--- DATA UNDER STUDY ---

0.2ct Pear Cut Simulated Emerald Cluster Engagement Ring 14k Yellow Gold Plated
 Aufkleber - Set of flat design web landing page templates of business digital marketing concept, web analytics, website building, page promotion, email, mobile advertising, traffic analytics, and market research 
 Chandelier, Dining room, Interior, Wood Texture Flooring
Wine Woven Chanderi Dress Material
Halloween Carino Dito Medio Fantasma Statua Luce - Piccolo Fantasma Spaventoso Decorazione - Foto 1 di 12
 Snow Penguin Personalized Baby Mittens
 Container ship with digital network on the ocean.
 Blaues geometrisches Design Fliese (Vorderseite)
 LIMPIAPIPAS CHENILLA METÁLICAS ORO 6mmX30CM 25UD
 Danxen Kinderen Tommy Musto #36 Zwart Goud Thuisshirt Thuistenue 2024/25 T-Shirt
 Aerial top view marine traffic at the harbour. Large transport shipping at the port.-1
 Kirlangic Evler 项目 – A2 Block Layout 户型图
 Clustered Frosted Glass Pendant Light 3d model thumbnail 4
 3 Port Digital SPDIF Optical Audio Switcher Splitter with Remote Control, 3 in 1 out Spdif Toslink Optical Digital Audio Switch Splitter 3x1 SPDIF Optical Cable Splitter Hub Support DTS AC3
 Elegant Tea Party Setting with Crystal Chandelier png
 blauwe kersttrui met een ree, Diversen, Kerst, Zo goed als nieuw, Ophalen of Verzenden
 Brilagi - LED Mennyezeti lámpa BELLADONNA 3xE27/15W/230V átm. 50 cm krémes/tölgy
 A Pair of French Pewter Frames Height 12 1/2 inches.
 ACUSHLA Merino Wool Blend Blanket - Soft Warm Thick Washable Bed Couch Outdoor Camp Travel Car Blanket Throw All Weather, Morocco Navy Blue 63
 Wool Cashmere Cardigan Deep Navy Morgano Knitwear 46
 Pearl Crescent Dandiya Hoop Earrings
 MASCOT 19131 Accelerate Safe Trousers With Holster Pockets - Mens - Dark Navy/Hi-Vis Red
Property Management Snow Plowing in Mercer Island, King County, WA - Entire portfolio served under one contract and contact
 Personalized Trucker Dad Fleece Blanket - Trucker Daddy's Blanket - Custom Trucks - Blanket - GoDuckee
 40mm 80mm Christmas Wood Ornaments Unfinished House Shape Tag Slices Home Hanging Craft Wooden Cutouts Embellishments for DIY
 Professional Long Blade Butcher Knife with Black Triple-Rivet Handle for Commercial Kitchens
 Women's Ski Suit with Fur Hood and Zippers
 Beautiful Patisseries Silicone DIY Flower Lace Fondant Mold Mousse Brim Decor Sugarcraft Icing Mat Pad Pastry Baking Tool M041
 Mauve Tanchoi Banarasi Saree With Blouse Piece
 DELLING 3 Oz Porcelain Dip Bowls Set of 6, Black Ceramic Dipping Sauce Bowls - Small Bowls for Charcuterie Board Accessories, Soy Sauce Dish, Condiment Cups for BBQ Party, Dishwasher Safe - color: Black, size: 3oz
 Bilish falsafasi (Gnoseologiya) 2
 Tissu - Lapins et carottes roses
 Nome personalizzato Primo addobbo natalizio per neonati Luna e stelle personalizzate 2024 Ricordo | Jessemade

---

§ AIM OF THE TASK
Above are the entries. Quote exactly the lines from the one bearing "Wool Cashmere Cardigan" through the one bearing "Personalized Trucker Dad".

§ OUTPUT BELOW
 Wool Cashmere Cardigan Deep Navy Morgano Knitwear 46
 Pearl Crescent Dandiya Hoop Earrings
 MASCOT 19131 Accelerate Safe Trousers With Holster Pockets - Mens - Dark Navy/Hi-Vis Red
Property Management Snow Plowing in Mercer Island, King County, WA - Entire portfolio served under one contract and contact
 Personalized Trucker Dad Fleece Blanket - Trucker Daddy's Blanket - Custom Trucks - Blanket - GoDuckee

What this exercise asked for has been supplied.